Entries supplied: Begin

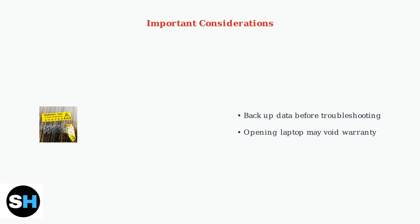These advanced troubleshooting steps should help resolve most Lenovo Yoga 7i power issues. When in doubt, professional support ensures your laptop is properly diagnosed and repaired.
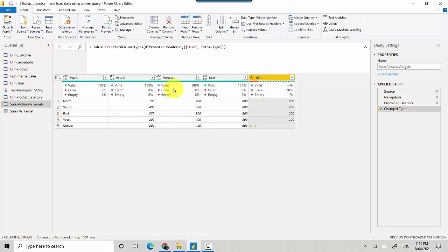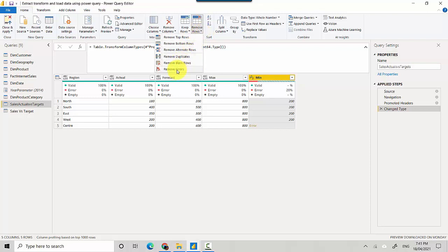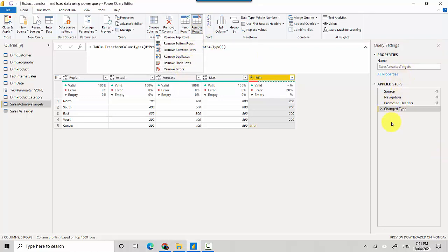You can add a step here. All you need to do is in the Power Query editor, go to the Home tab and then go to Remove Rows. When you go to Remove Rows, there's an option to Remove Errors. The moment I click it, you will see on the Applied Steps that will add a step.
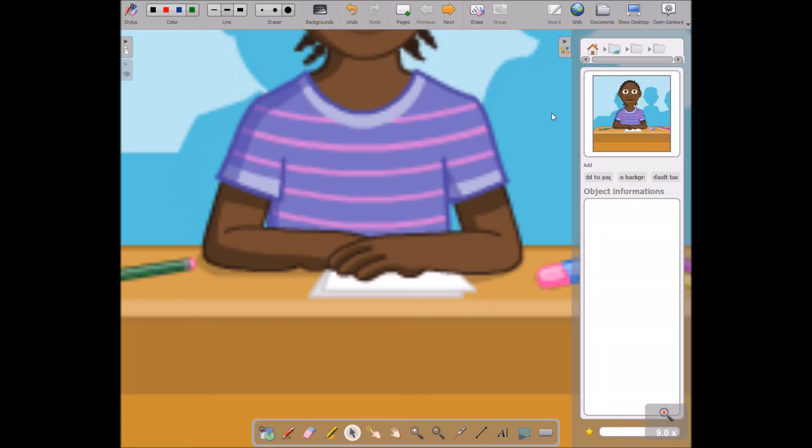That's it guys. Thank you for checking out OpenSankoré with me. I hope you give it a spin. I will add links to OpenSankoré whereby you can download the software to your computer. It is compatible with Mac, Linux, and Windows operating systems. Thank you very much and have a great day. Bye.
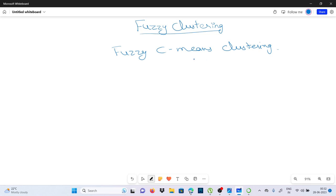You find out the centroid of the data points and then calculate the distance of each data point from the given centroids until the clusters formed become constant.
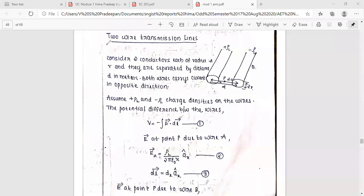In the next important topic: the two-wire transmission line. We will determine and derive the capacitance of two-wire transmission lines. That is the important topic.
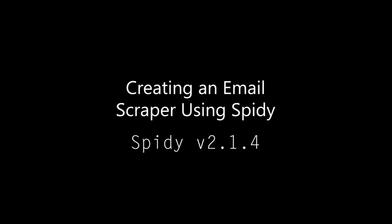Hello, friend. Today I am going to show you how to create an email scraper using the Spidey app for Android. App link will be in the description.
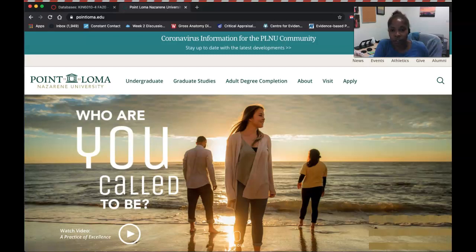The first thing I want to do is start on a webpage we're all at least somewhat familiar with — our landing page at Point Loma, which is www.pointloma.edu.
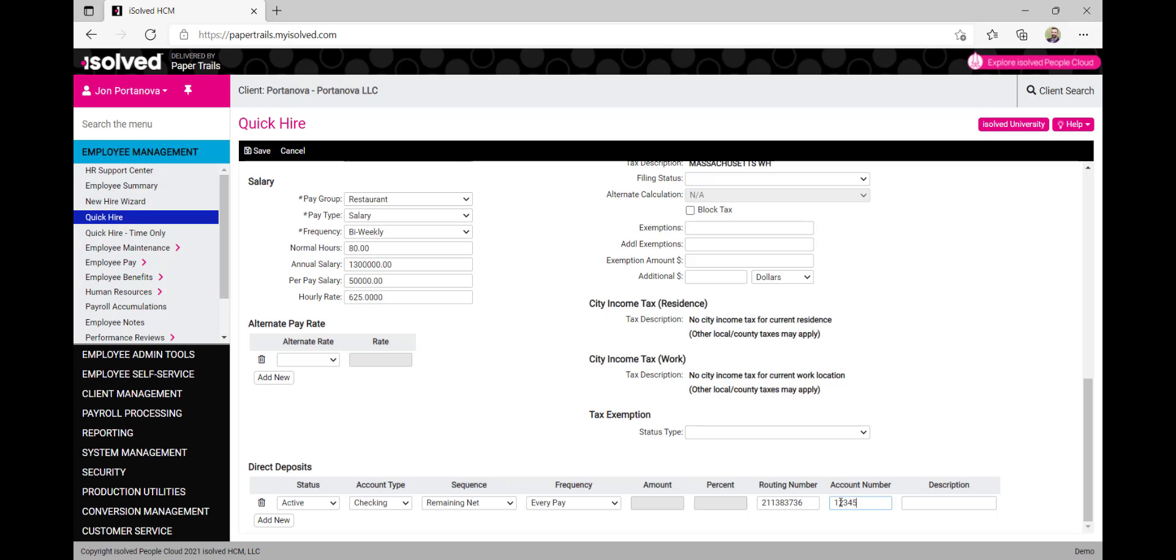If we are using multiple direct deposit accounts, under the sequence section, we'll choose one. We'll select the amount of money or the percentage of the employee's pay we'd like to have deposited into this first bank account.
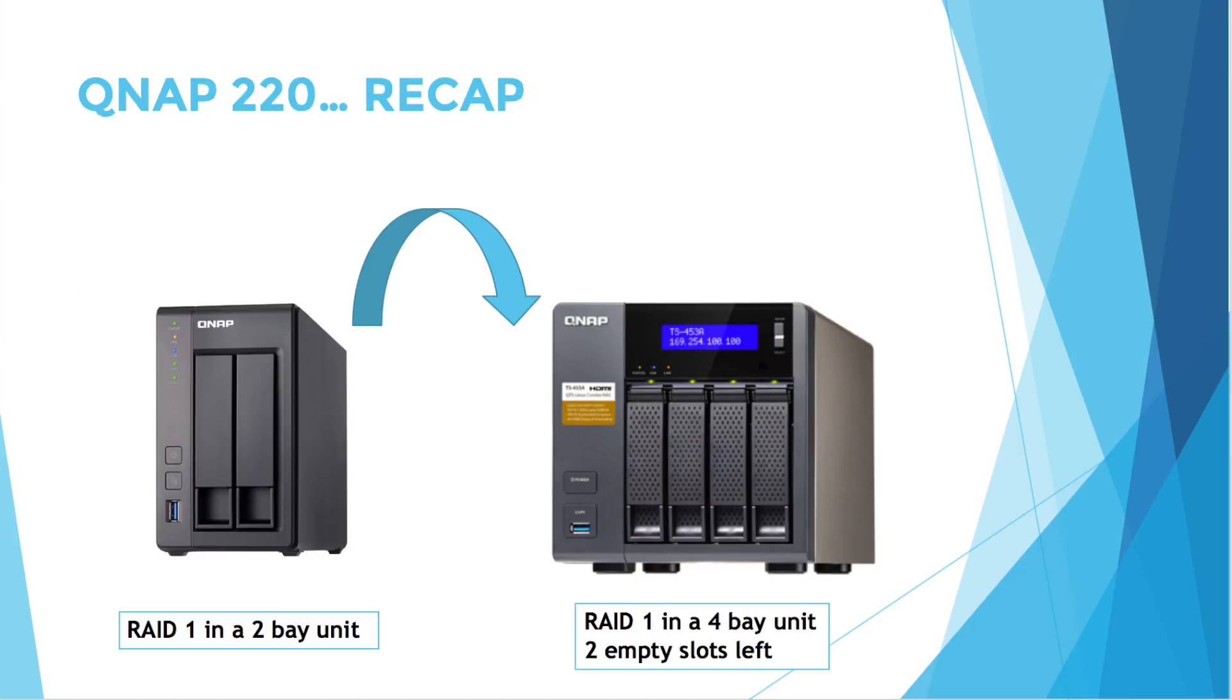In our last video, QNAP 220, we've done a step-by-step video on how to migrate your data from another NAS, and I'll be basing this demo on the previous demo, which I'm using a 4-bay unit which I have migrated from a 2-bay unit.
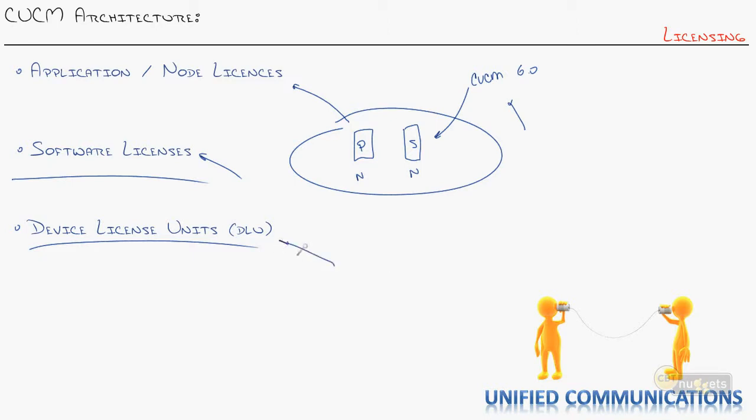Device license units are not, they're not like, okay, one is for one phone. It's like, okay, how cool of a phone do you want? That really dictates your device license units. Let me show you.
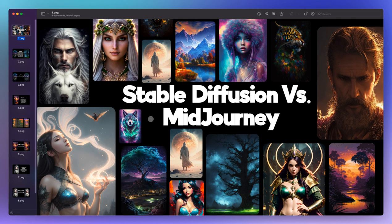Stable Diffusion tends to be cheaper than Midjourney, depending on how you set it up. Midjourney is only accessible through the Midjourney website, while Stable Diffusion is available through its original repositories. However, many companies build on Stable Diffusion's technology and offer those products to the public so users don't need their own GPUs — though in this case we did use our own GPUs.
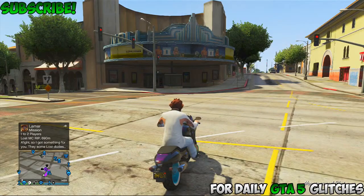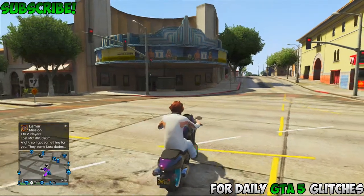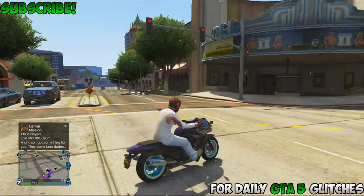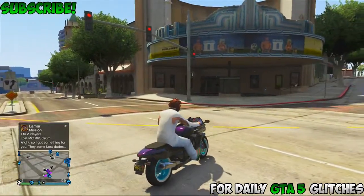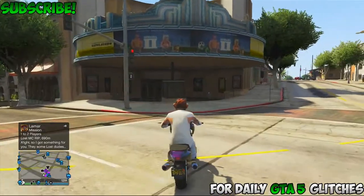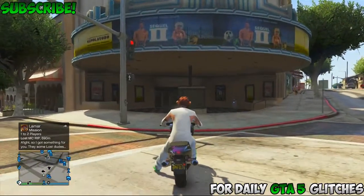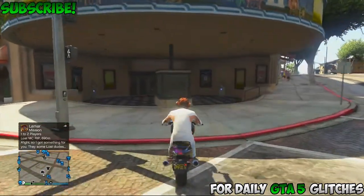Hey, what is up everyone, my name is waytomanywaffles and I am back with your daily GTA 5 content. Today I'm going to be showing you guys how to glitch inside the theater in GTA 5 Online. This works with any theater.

Entries supplied: End
Entries supplied: Begin

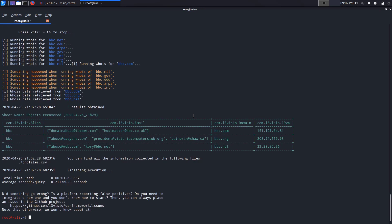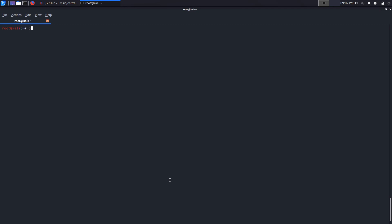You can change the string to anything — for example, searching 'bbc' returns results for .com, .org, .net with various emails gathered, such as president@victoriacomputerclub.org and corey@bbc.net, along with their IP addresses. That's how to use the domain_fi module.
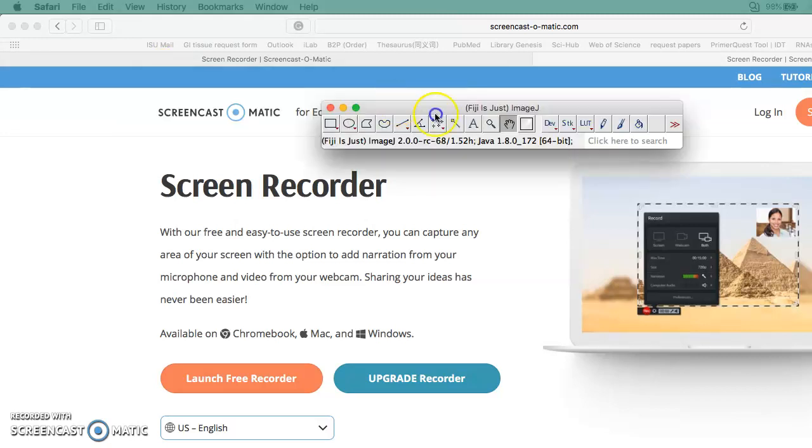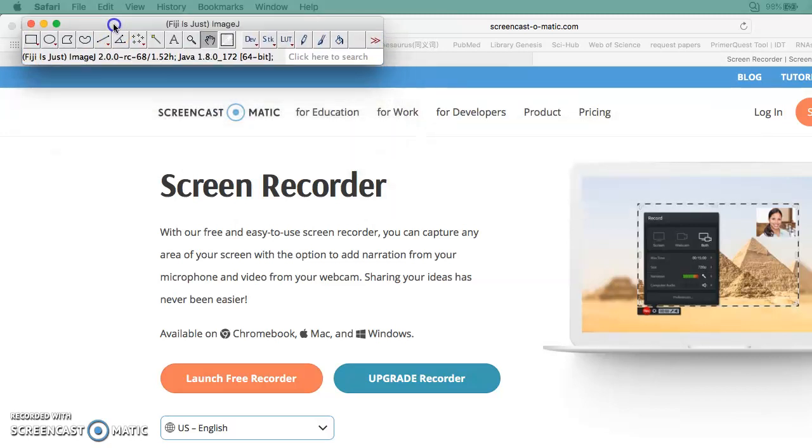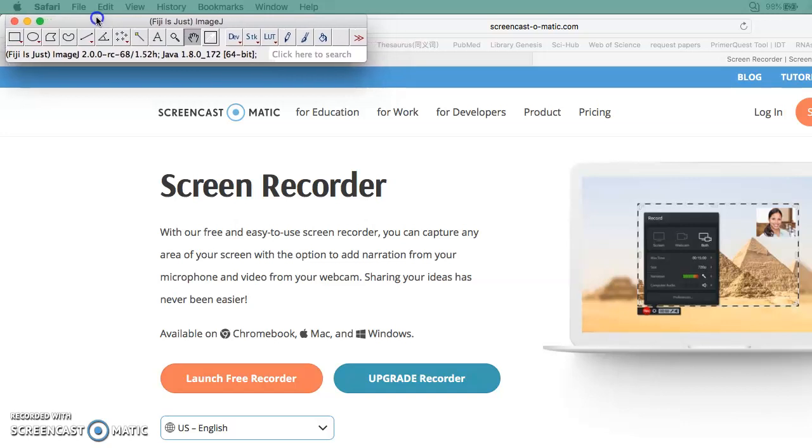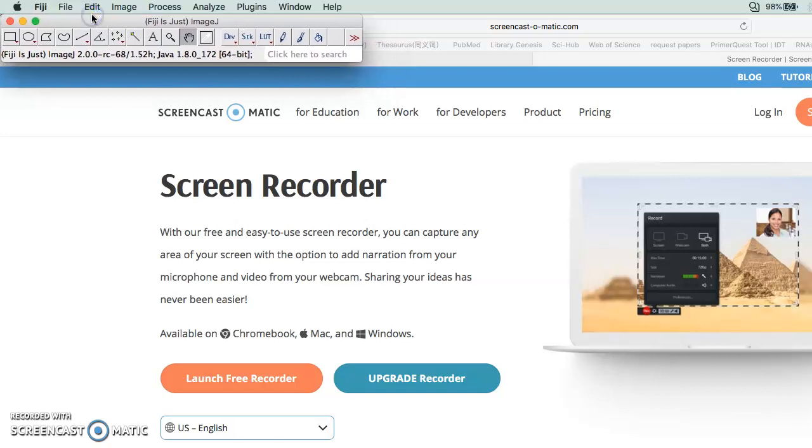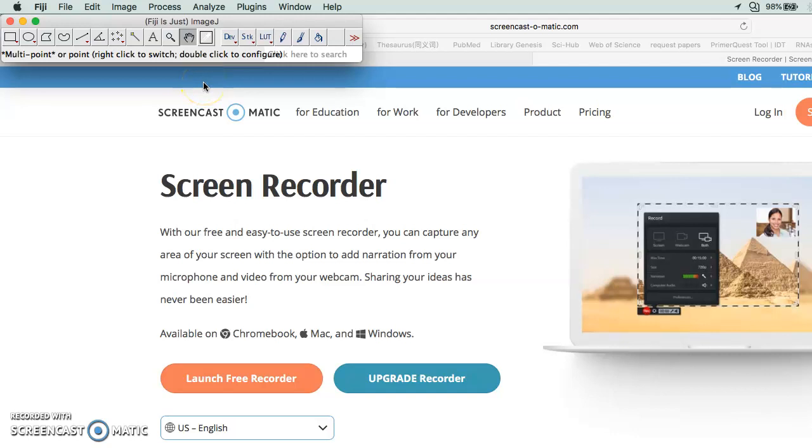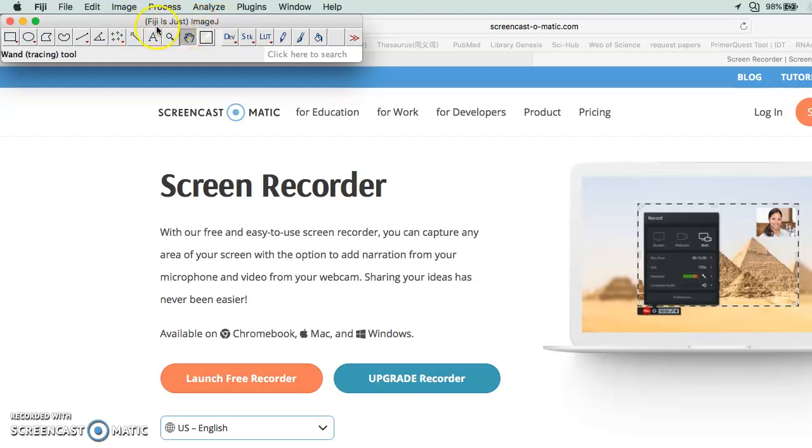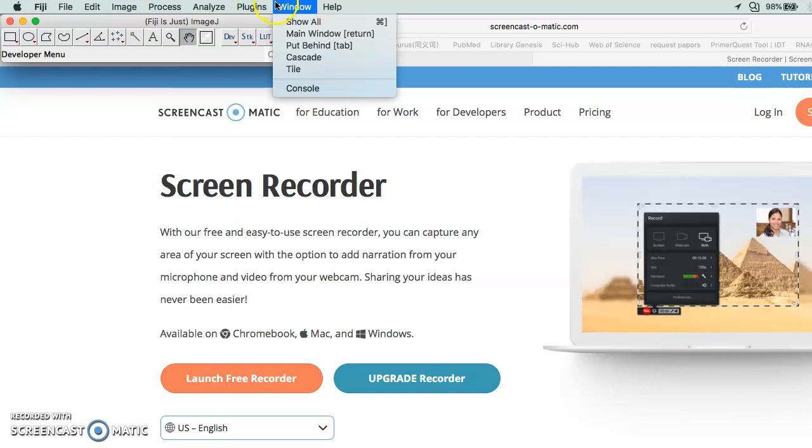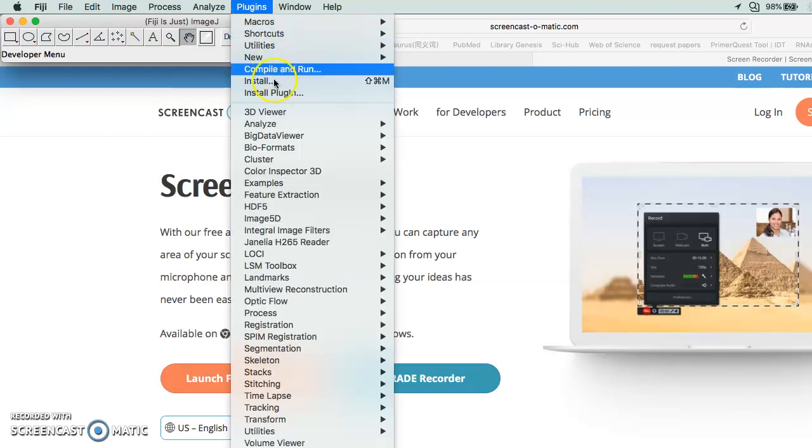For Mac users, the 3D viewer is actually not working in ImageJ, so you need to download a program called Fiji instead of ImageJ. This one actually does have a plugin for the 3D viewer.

Entries supplied: End

Skipping every picture, transcribe exactly the lines above from the one containing "The first thing" through the one containing "In our last", both included.

* _Your response_:
The first thing I want to do is start on a webpage we're all at least somewhat familiar with — our landing page at Point Loma, which is www.pointloma.edu.
If we are using multiple direct deposit accounts, under the sequence section, we'll choose one. We'll select the amount of money or the percentage of the employee's pay we'd like to have deposited into this first bank account.
In our last video, QNAP 220, we've done a step-by-step video on how to migrate your data from another NAS, and I'll be basing this demo on the previous demo, which I'm using a 4-bay unit which I have migrated from a 2-bay unit.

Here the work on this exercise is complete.